(Caption-style text data)
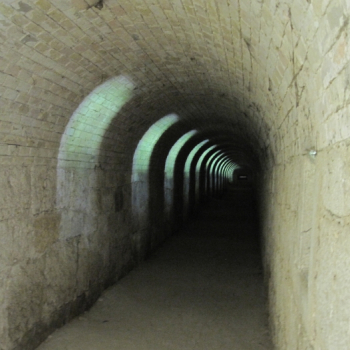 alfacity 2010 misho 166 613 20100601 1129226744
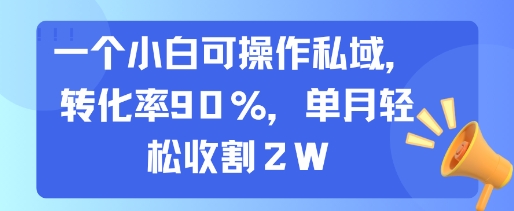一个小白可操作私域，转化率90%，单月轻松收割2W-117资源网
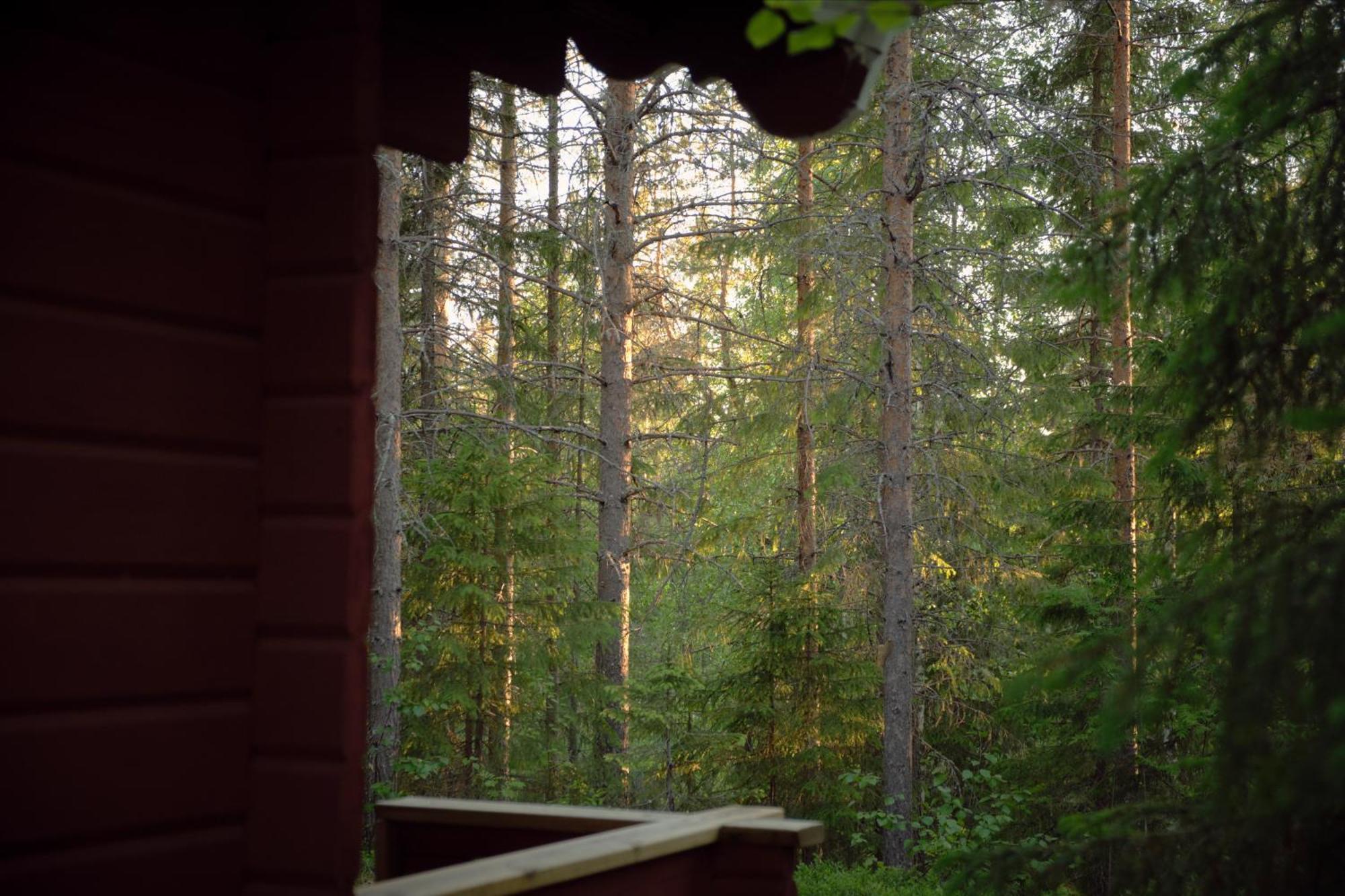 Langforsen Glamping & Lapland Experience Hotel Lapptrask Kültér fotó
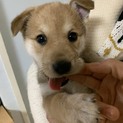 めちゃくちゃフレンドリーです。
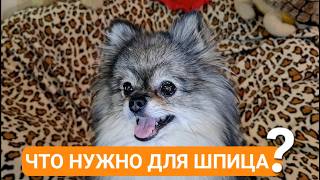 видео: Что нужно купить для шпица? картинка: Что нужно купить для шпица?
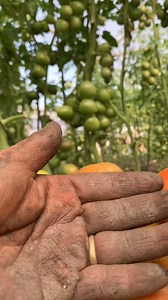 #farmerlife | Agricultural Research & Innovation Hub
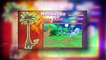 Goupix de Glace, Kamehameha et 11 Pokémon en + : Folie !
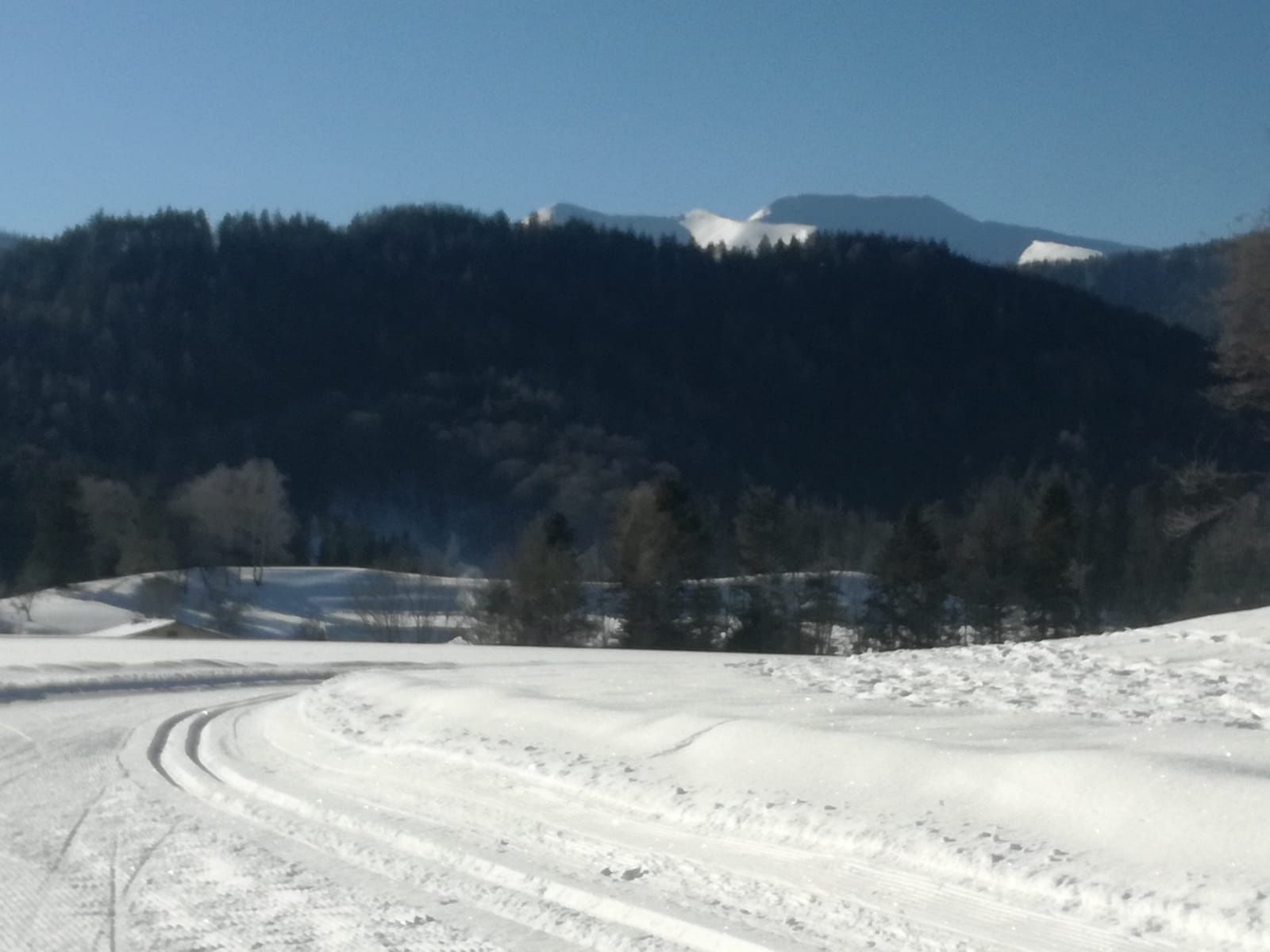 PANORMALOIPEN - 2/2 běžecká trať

### The task
Each record above should be restated word for word. The pictures should not appear.

### Written response
 alfacity 2010 misho 166 613 20100601 1129226744
一个小白可操作私域，转化率90%，单月轻松收割2W-117资源网
 Langforsen Glamping & Lapland Experience Hotel Lapptrask Kültér fotó
 めちゃくちゃフレンドリーです。
 видео: Что нужно купить для шпица? картинка: Что нужно купить для шпица?
 #farmerlife | Agricultural Research & Innovation Hub
 Goupix de Glace, Kamehameha et 11 Pokémon en + : Folie !
 PANORMALOIPEN - 2/2 běžecká trať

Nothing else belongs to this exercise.